What to work on:
Please retype the data in full and exactly; the pictures are not part of the copy.

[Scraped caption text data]
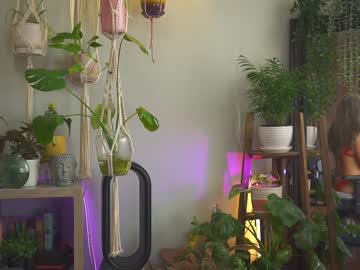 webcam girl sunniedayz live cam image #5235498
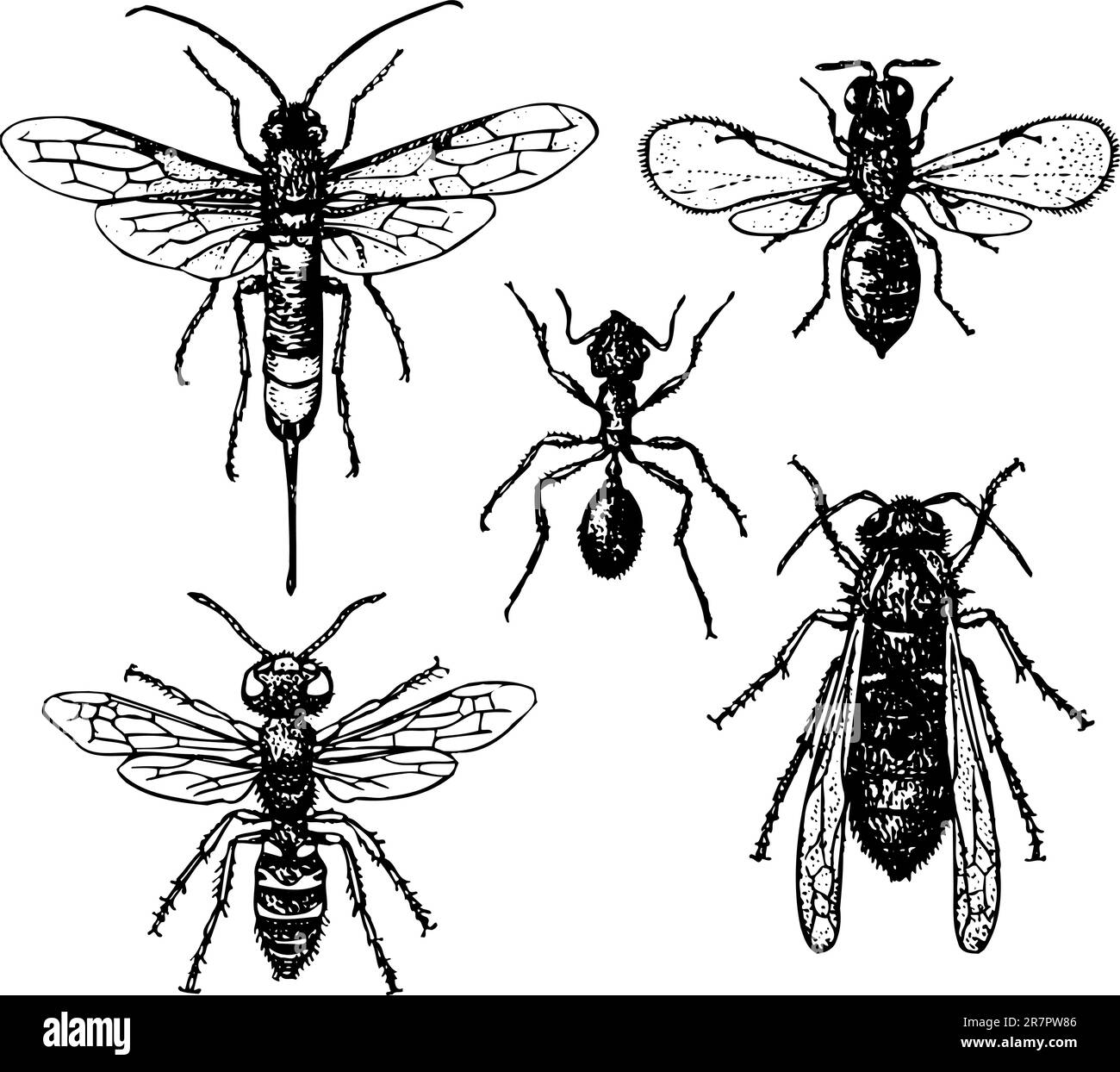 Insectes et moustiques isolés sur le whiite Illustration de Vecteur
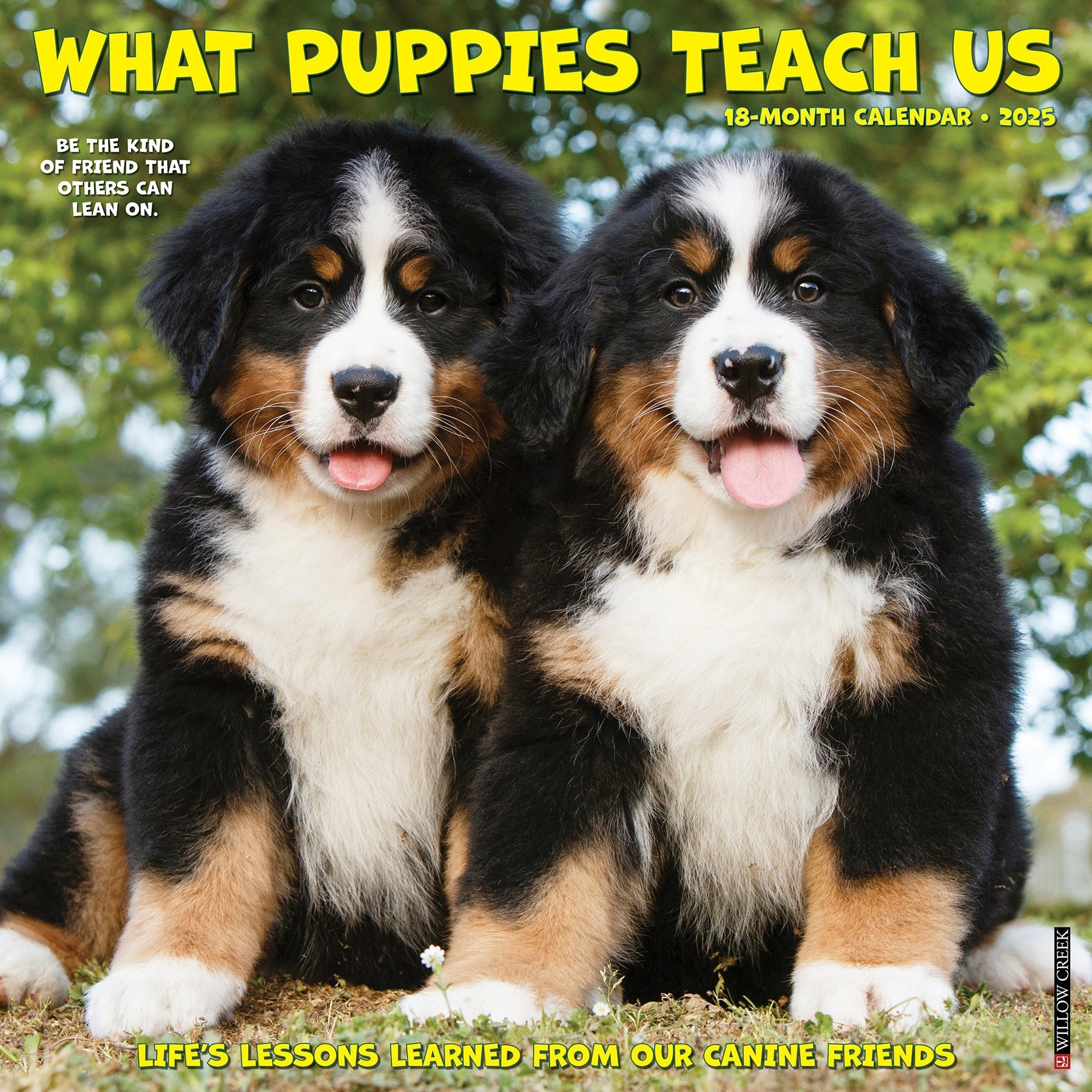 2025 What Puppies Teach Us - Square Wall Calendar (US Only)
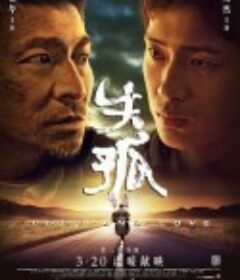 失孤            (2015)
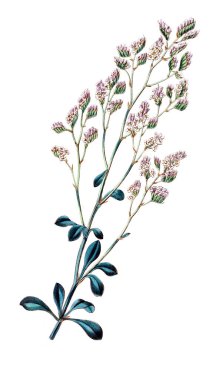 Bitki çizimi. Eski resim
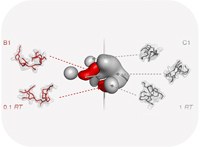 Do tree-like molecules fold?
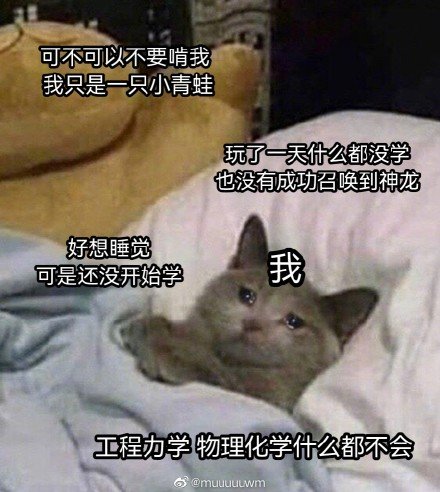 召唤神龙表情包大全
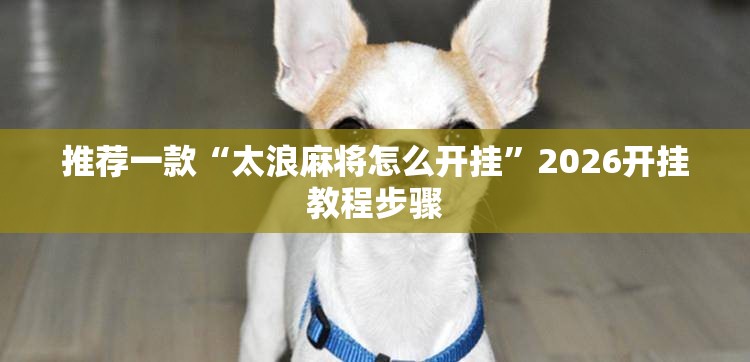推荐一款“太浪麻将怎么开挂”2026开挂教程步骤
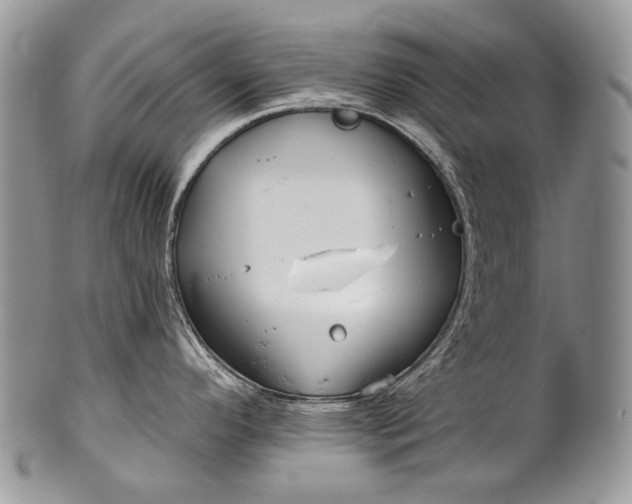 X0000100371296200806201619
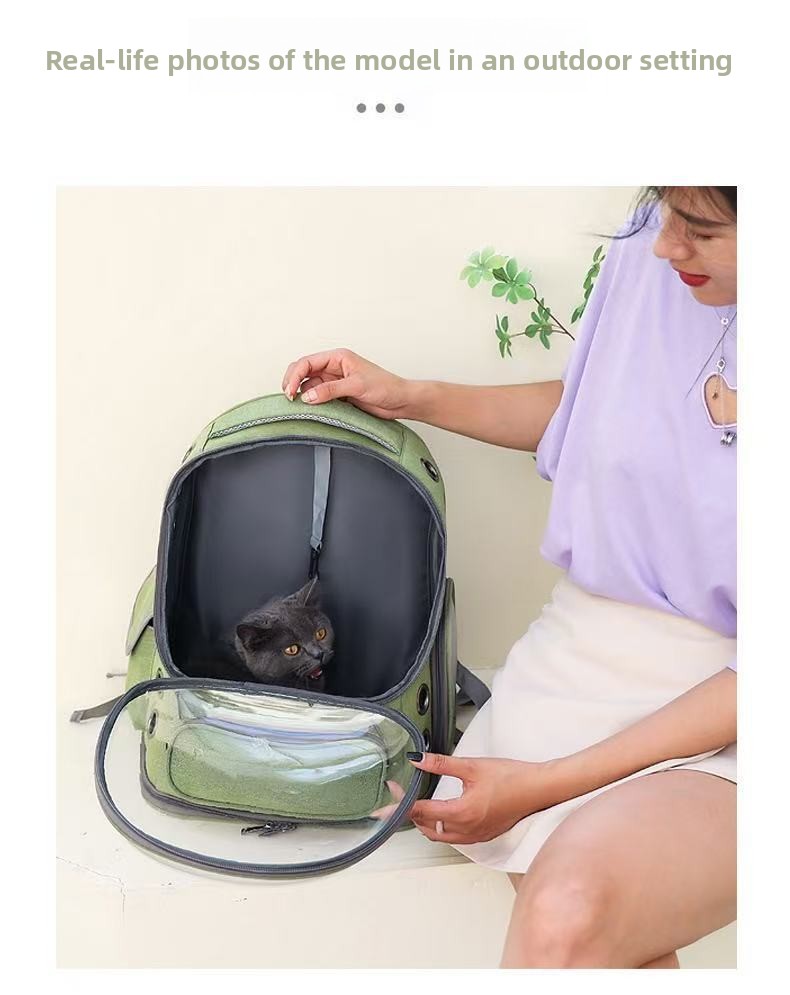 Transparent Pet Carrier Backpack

Answer box:
 webcam girl sunniedayz live cam image #5235498
 Insectes et moustiques isolés sur le whiite Illustration de Vecteur
 2025 What Puppies Teach Us - Square Wall Calendar (US Only)
 失孤            (2015)
 Bitki çizimi. Eski resim
 Do tree-like molecules fold?
 召唤神龙表情包大全
推荐一款“太浪麻将怎么开挂”2026开挂教程步骤
 X0000100371296200806201619
 Transparent Pet Carrier Backpack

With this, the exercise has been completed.